Das Grundgerüst der Lafette (tragbares Untergestell für den Einsatz vom Boden) besteht aus 2mm x 2,5mm Profilen:



Um die Beine der Lafette beweglich zu gestalten, wurden in die Ecken der Lafette Aluhülsen mit 2mm Durchmesser geklebt. Die Aussparungen für die Hülsen wurden mit einer kleinen Rundfeile ausgearbeitet.
Die Beine der Lafette wurden an den Enden mit 1,5mm durchbohrt. Hierdrin habe ich dann den Messingstift für die Aufnahmehülsen befestigt.


Hier die Einzelteile:



Hier ist ein ausgeklapptes Bein der Lafette mittels Messingstift befestigt. Auf den Messingstift wurde oben ein 0,5mm starkes Messingrohr gesteckt und verklebt, damit das Bein nicht nach unten herausrutscht. Das aufgesteckte Rohr habe ich allerdings noch kleiner gefeilt, da es noch etwas zu groß war. An die Enden der Beine habe ich 0,5mm Draht eingeklebt. Dies sind die beim Original ebenfalls vorhandenen Spikes. Diese sind notwendig, damit sich die Lafette durch den Rückstoß bei der Wasserabgabe nicht selbständig macht.

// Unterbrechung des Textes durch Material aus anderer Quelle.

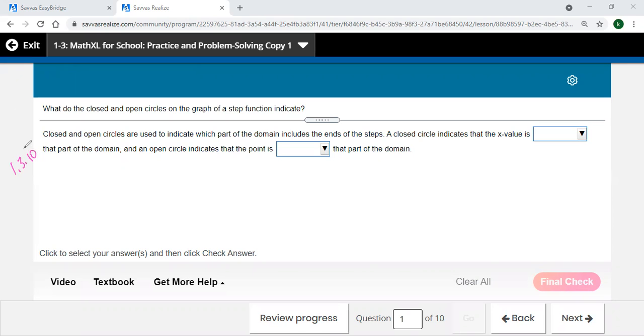All right, so what do the closed and open circles on a graph of a step function indicate? It's just like on a number line, you've learned how to graph on the number line before. If you have a closed end, it's included. If it's open, it's everything up to that point.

Und hier das Bein eingeklappt:



Hier nun die fertige Lafette.
Den Stutzen für die Wasserzufuhr zum Werfer habe ich mittels 4,5mm Messingrohr hergestellt.
2 Stückchen vom Messingrohr wurden entsprechend abgelängt und mit je einem 45°-Winkel versehen. Dann wurden die beiden Teile zu einem rechten Winkel verklebt. Die B-Eingangskupplung ist ein Zubehörteil von Revell; dieses wurde selbstverständlich wieder aufgebohrt.
Auf das andere Ende des Messingrohres habe ich eine 0,5mm Plastikplatte nach Maß zurechtgeschnitten und angeklebt. Im Original wird auf dieser Platte der Werfer montiert und arettiert.



So, vom wichtigsten Teil habe ich jetzt leider keine Baustufenbilder, nur den fertigen (unlackierten) Werfer.....
Aber es wird nicht der letzte Werfer gewesen sein, den ich baue. Dann mache ich auch detailliertere Berichte und Fotos.

Der Werfer selbst entstand aus den verschiedensten Messing- und Alurohren und aus Evergreen-Profilen.

Hier der Werfer mit dem vorgeschalteten Schaumrohr. Dieses Rohr wird, wie der Name schon sagt, zur Schaumerzeugung vorgeklappt. In der Fahrstellung ist das Rohr ebenfalls vorgeklappt.





Hier der Werfer mit abgeklapptem Schaumrohr. In dieser Stellung wird mit dem Werfer Wasser abgegeben.



Hier nun der fertige Werfer auf dem Fahrzeug. Die schwarzen Handgriffe sind Schrumpfschlauch. Das Manometer habe ich mit einem Bildbearbeitungsprogramm verfeinert, verkleinert und ausgedruckt.
Unter der gelben Abdeckplane befindet sich im Original die Bedieneinheit.



Hier der Werfer in Fahrstellung:



Und hier in Arbeitsstellung:



Hier mal von oben mit der Lafette:



Zum Abschluß des 2. Teils meines Berichtes folgt nun noch eine Kabeltrommel.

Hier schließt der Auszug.